Under duress

Thursday, May 17, 2007

Hazy Days

I've been trying to choose a memory to write something for some memory share project the BBC is starting up, but how do you? Pick one I mean? There are just so many memories to choose from. My earliest is as a child of four – recently moved to Australia and my parents are viewing the house that they were eventually to buy and which became my family home for the next ten years. I remember that it was hot and I was bored, so I sat on a low brick wall. Like one of Roald Dahl's cautionary tales I should've looked before I did so, as I'd plonked my small bottom right on an ants nest. Having the proverbial ants-in-your-pants is singularly unpleasant, the memory of which I imagine, will stick in my mind forever.

But I didn't write that one. Instead I wrote a rubbish account of my first meeting with my ex all those years ago, as follows:


The tail end of October, 1987. Paris, France.


I was only passing through – treating myself to a weekend in Paris after having spent four weeks picking grapes south of Dijon and then in Switzerland. I'd found a cheap hostel, bought a tourist map, got my bearings and was heading off for a day of sight-seeing round the city.

The external escalator tubes of the Pompidieu Centre made it look like some kind of giant gerbil cage, but the art inside was dull and one of the security guards told me off for using flash-photography. So I rode up and down the moving staircases for a while instead – taking in the view; watching the beautiful people. Down below, the street entertainers were starting to pull the lunchtime crowds.

There was this bald guy with a handlebar moustache and an enormous bare belly – scarred and pitted with the marks of his trade – who reminded me of Obelisk, the brawny character in the Asterix comics. He was even wearing the same kind of stripy trousers. I joined the ring of spectators to gawp open-mouthed as he ate glass, went through a bed-of-nails Fakir routine, and finally finished off by asking a hapless member of the audience to throw darts at his tortured tum. There was no bullseye as such, but they stuck into his pale skin at weird, droopy angles – a human version of a Matador's skewered el Toro.

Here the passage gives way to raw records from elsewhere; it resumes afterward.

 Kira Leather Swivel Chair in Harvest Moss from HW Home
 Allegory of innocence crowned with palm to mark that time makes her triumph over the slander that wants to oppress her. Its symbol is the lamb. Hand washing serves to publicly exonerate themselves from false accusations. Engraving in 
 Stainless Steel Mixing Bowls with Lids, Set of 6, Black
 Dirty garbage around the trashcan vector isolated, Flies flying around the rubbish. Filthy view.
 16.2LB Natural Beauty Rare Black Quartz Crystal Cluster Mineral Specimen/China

Higher up the sloped cobbles – past the juggler, past the accordionist belting out Edith Piaff numbers, and just beyond a cluster of portrait artists – two guys were sat with a small but appreciative audience of street riff-raff, strumming battered guitars and singing acoustic standards. Snatches of English lyrics carried across and caught my ear. I stood shyly, hovering at the edge – not wishing to intrude on what seemed a private moment; a select performance. But I was spotted and drawn into the bedraggled circle of gypsies, tramps and thieves who were hospitably passing 2-litre plastic bottles of cheap red wine back and forth. It would've been rude of me to decline.

Maybe it was the alcohol, or maybe it was a confidence born of the anonymity of being a stranger in a strange place, but I soon found the harmonies for a third voice in Knocking on Heaven's Door. They smiled, nodding their approval, so I carried on singing. Come busk the cinema queues with us they said, and I guess I didn't have a good enough reason not to. Besides, it was his eyes (the taller of the two; the one with the ponytail and a cheeky-chappy grin) they pulled me in. A blue the colour of April skies, they had a dark, distinct rim like Siamese cats' eyes. Sharp, piercing – not the kind of eyes you'd ever forget in a hurry.

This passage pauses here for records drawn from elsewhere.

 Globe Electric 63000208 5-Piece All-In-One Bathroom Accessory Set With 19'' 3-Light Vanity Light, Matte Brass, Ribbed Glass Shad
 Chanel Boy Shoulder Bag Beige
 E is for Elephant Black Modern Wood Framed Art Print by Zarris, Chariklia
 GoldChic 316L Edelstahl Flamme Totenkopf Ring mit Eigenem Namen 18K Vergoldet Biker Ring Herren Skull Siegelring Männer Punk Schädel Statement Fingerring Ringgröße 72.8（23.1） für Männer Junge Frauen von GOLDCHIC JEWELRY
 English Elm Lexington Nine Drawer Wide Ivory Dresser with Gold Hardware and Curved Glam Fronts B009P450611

So I never did get to see the Eiffel Tower. Or the Louvre. Or go back home to Oz.

We hung around in Paris for a week or so, sleeping in derelict houses or sometimes – after a good day of playing the queues, or the Metro, or the terraces on the Rive Gauche – in a ½ star sleaze-pit of a hotel. And later, we jumped the trains south – all the way down to the south of Spain and the Costa del Sol.

~

We're no longer together, and a badly busted arm means that he no longer plays guitar. And to think that that chance meeting happened nearly twenty years ago? We had some amazing times together and some tough ones, but the last few years were grim – wouldn't ever want to go through that with anyone, ever again.

But it was definitely worth it, because I'm the proud mother of four beautiful children. Four big(ish) teenagers. And all four of them have his drop-dead-gorgeous, dark-rimmed blue eyes.